Rockworld TV
- Country: United Kingdom

Programming
- Picture format: 576i (SDTV 16:9)

Ownership
- Owner: Carnaby Media

History
- Launched: c. 2006
- Replaced: Musicians Channel
- Closed: 29 March 2010
- Replaced by: Lava
- Former names: Redemption TV

Links
- Website: https://www.rockworld.tv/

= Rockworld TV =

Rockworld TV was a British television channel which featured rock music, and was aimed to highlight "underground" lifestyles and artists.

It broadcast on Sky Digital ch. 378, and also streamed content online. Officially it was only on the air from 6pm until the early morning, although previews ran during the rest of the day (apart from a few hours of Teleshopping programmes), making Rockworld effectively a 24-hour channel.

Rockworld broadcast many recorded concerts by metal and goth artists such as Machine Head, Nightwish, Killing Joke, Electric Eel Shock and Pitchshifter, and also broadcasts interviews with bands.
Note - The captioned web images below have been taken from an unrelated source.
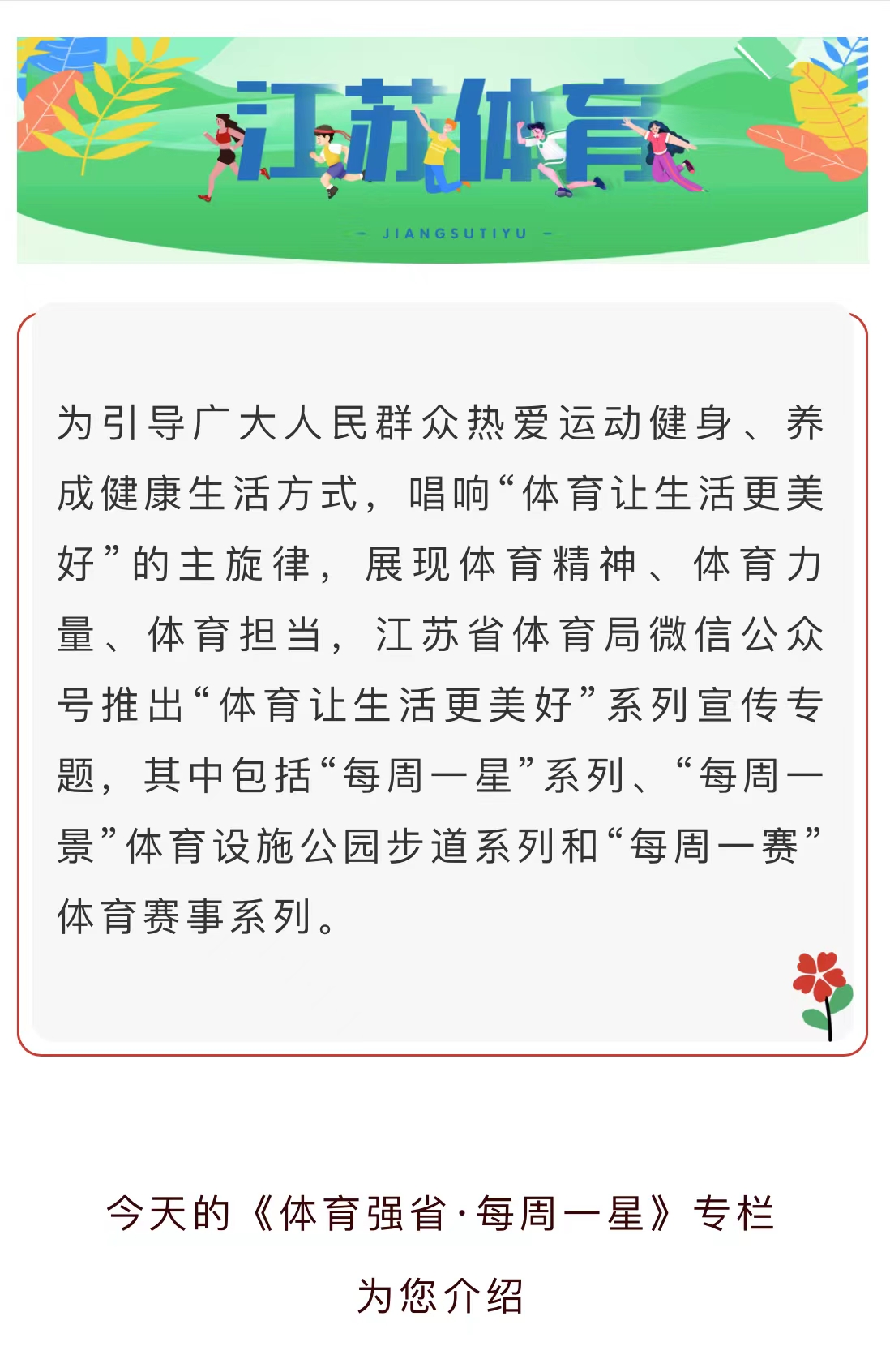 微信图片_20220825111158.jpg
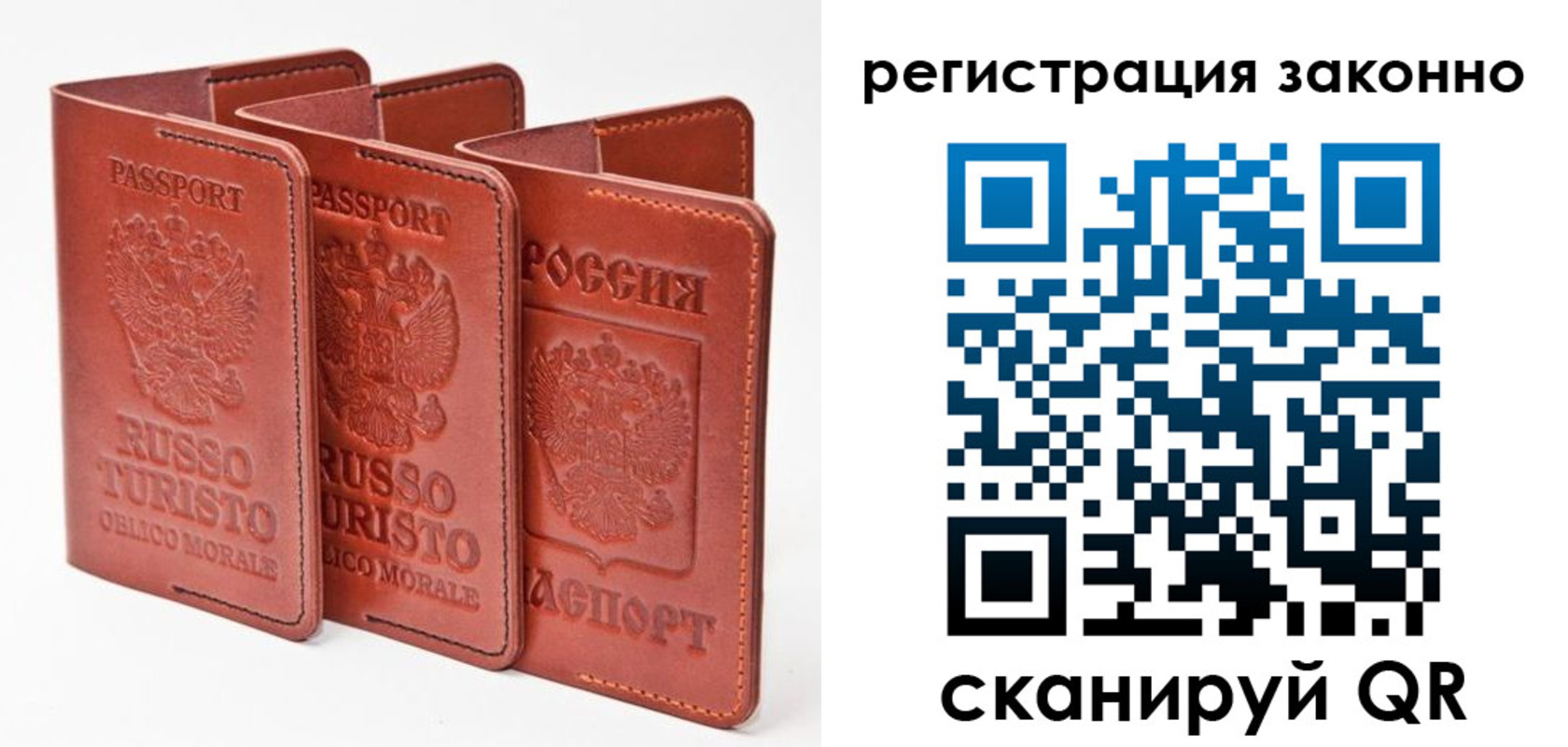 прописка ребенка в Таштаголе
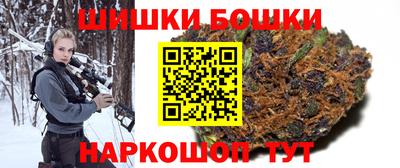 трава Анжеро-Судженск
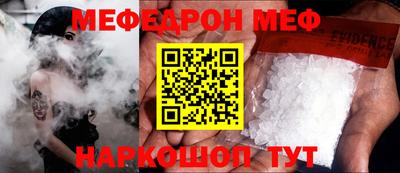 индика Славянск-на-Кубани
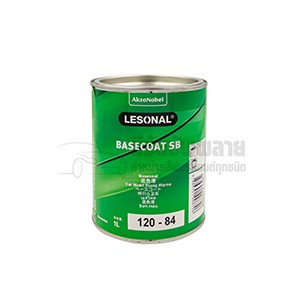 สีพ่นรถยนต์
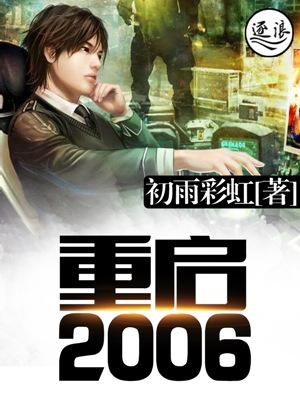 重启2006在线阅读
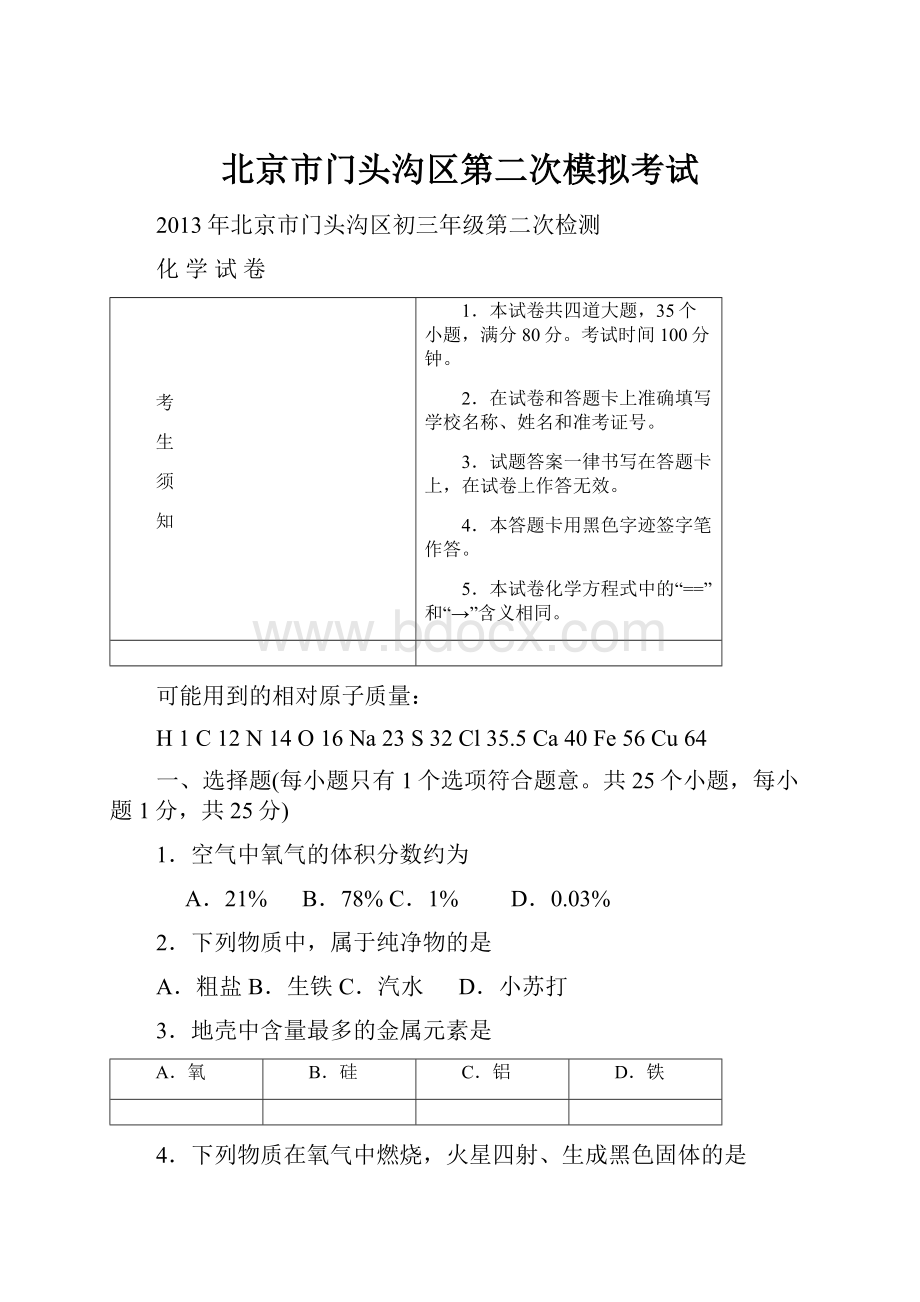 北京市门头沟区第二次模拟考试.docx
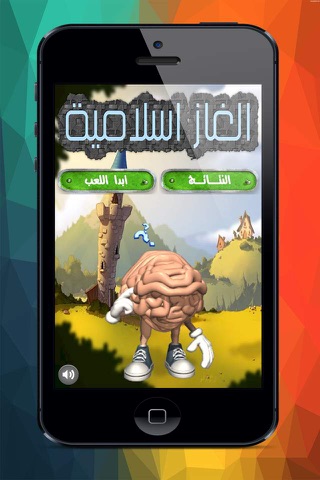 Screenshot #1 pour الغاز اسلامية صح ام خطأ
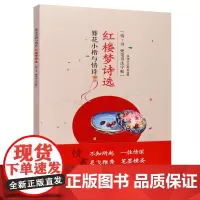 簪花小楷与情诗 红楼梦诗选 情 书 硬笔书法字帖 书法临摹字帖 成人学生硬笔字描红本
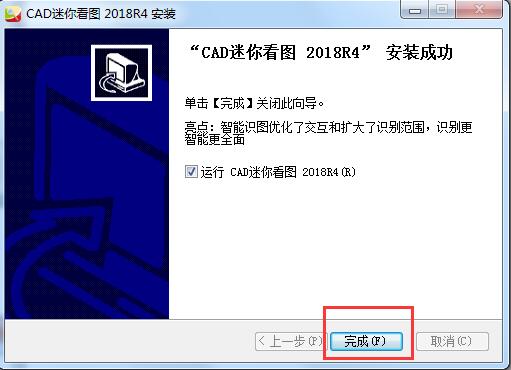 CAD㿴ͼ v27.10.0.1°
Some music programmes were filmed at rock festivals such as the Bulldog Bash.

Non-music programmes included the anime series Cromartie High School and Gilgamesh, Dave Vanian's Dark Screen (an amateur horror film showcase) and Peek-A-Boo, interviews with artists and fetish models. Presenters included Jane Gazzo and Lenore.

Rockworld TV replaced Redemption TV, which broadcast during the evening/late night on the now-defunct Musicians Channel (also ch. 368) in 2005. Any websites linking to Redemption TV (which previously had a sizeable website) now redirect to rockworld.tv.

On 18 November 2009, Rockworld TV was removed from Sky Digital channel 378.

On 18 December 2009, Rockworld TV returned to the Sky EPG. However, the channel only broadcast for two hours a day (6am - 8am) and acted as a "placeholder" until the EPG slot was sold. During February 2010, the license and slot were transferred to administrators, Alexander Poultney Limited, with a view to launching Mushroom TV's channel, Lava.

Rockworld TV closed for the final time at 7am on 29 March 2010. Its place on Sky Digital 378 was taken by Lava, a channel dedicated to the rock and indie music genres.

On 1 February 2012, Rockworld TV relaunched as an iPhone and iPad app containing two channels, one "Metal" showcasing its existing rare footage, and promising to showcase new acts through its "Fresh" channel.